:: STORED DATA ::

******************************

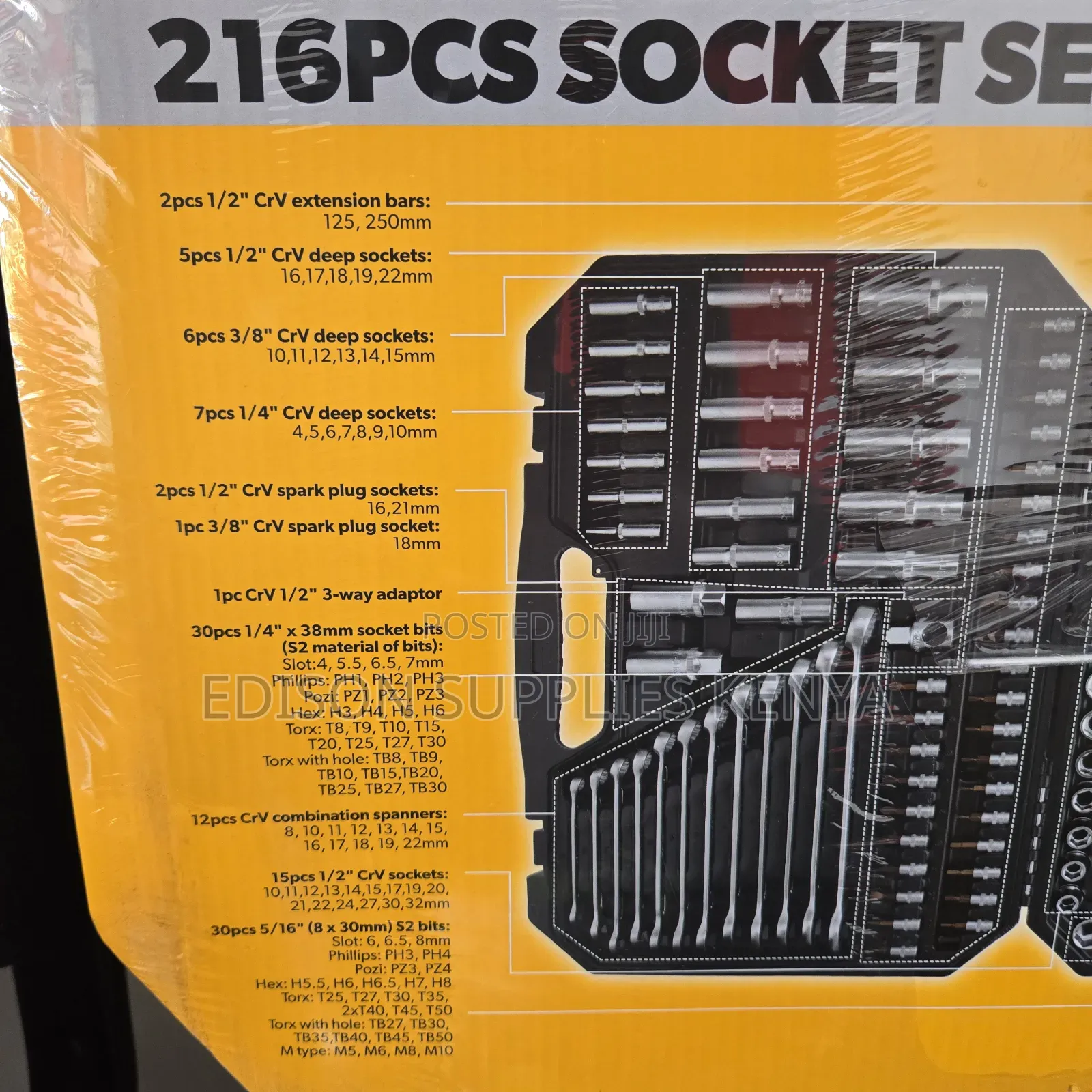 Tolsen 216 PCS Socket Set Mechanics Tools 216pcs Garage Mechanic Tool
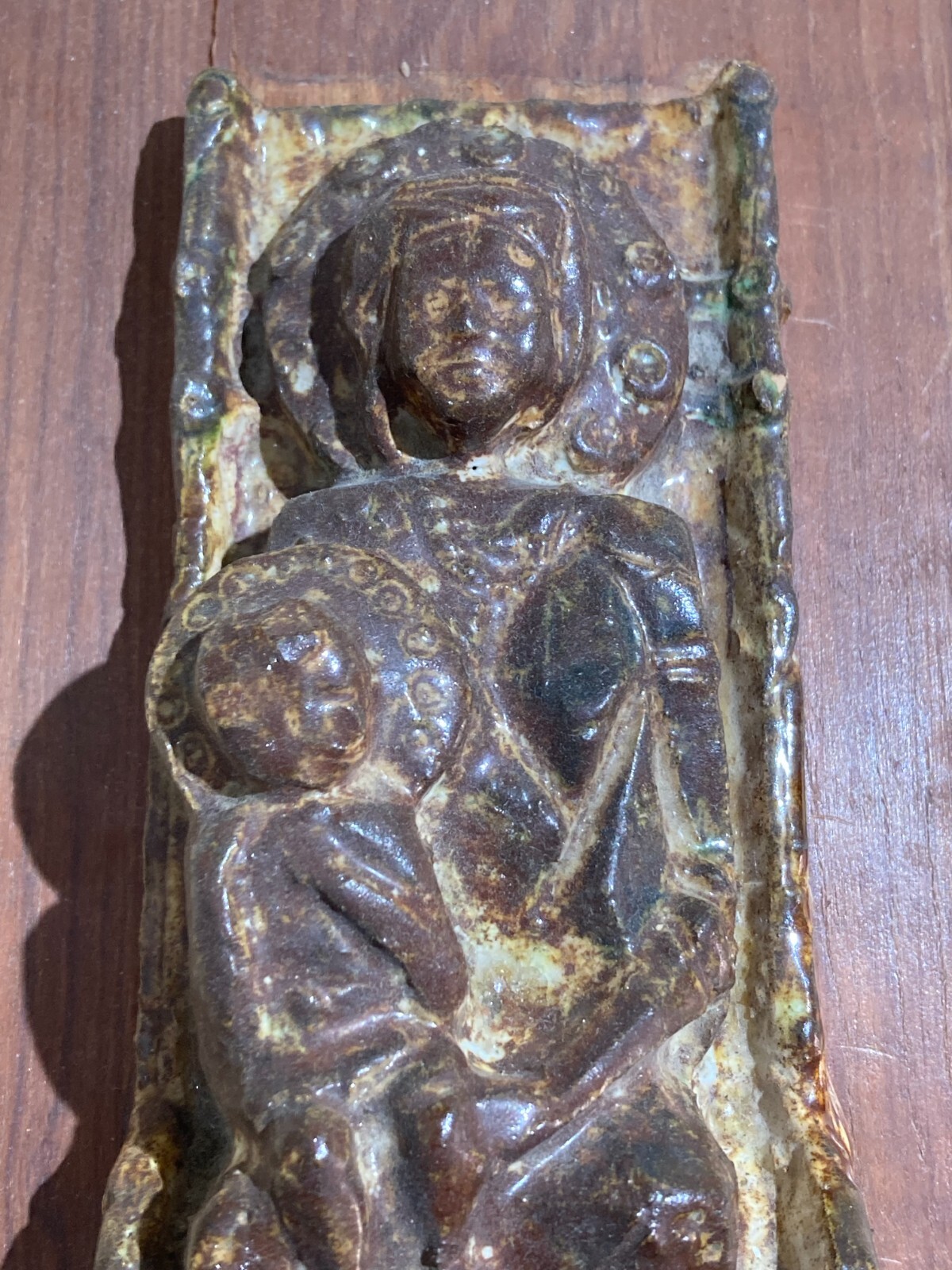 Madonna Con Bambino In Trono, Scultura In Ceramica Policroma, Metà '900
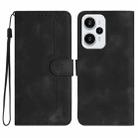 For Redmi Note 12 Turbo / Xiaomi Poco F5 Heart Pattern Skin Feel Leather Phone Case(Black) - 1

******************************

:: YOUR GOAL ::
Now write out the data word for word, skipping every picture in it.

:: RESULT BELOW ::
 Tolsen 216 PCS Socket Set Mechanics Tools 216pcs Garage Mechanic Tool
 Madonna Con Bambino In Trono, Scultura In Ceramica Policroma, Metà '900
 For Redmi Note 12 Turbo / Xiaomi Poco F5 Heart Pattern Skin Feel Leather Phone Case(Black) - 1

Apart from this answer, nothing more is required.